We combined the WHO Global Suicide Rates dataset (via Kaggle) with World Bank economic indicators (GDP per capita, employment-to-population ratio, inflation) and the UNDP Human Development Index — capturing health, education, and income dimensions of human development globally.

We also engineered derived variables: SuicideDiff (year-over-year change in suicide rate), GDPperCapitaGrowthPct, and EmpRatioChange to capture dynamic trends rather than static snapshots.

Research Question 1 How do suicide rates respond to macroeconomic crises, such as periods of high inflation or sudden GDP contractions?
Research Question 2 In times of rising unemployment, do countries with stronger welfare systems (reflected in HDI) show smaller increases in suicide rates?

What the data looks like

Before diving into the research questions, we explored the dataset extensively — cleaning missing values, understanding distributions, and mapping regional patterns.

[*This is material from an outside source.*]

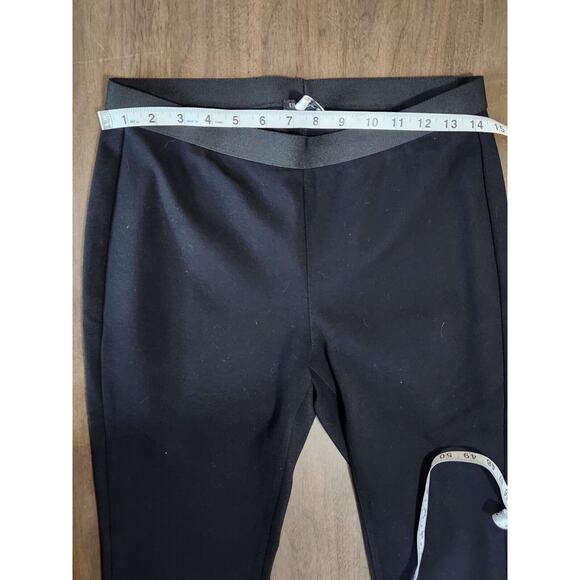 Eileen Fisher Viscose Blend Stretch Legging, in Black Sz Petites S Pre-owned - Picture 3 of 7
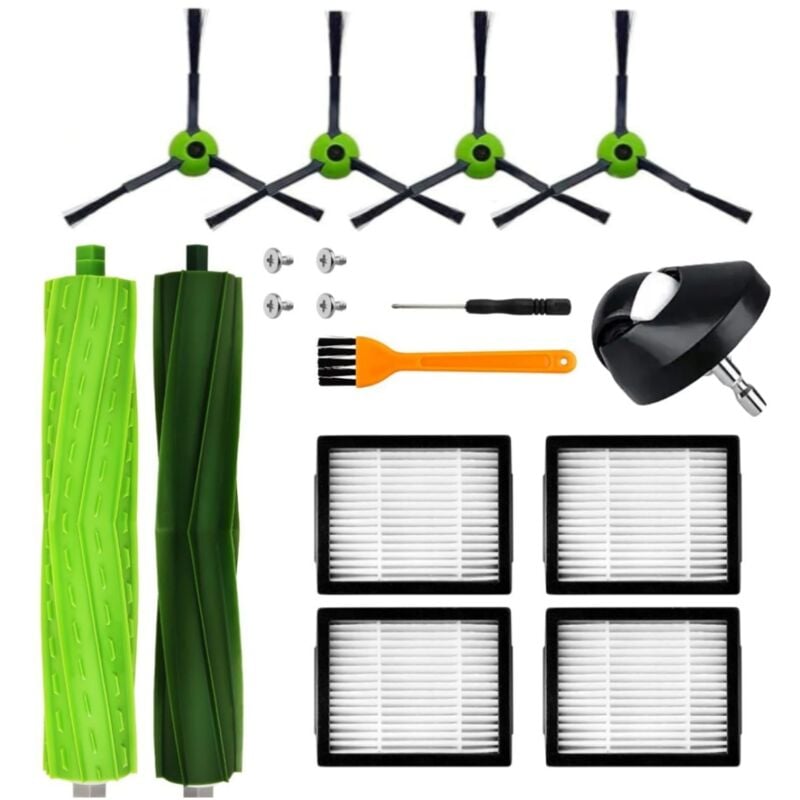iRobot Roomba i7+ i3+ i4+ i6+ i7+ i8 Ersatzteile Zubehör Roomba Ersatzteile Zubehör Set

GDP vs Suicide Rate over time
Global average suicide rate (red, left axis) vs mean GDP per capita (blue, right axis), 1990–2022. Note the divergence after 2000 — GDP rose sharply while suicide rates fell, then both converged near 2020.

The headline chart tells a nuanced story. Rising GDP did correlate with falling suicide rates globally — but not uniformly, and not without exceptions. This motivated our deeper regional and crisis-level analysis.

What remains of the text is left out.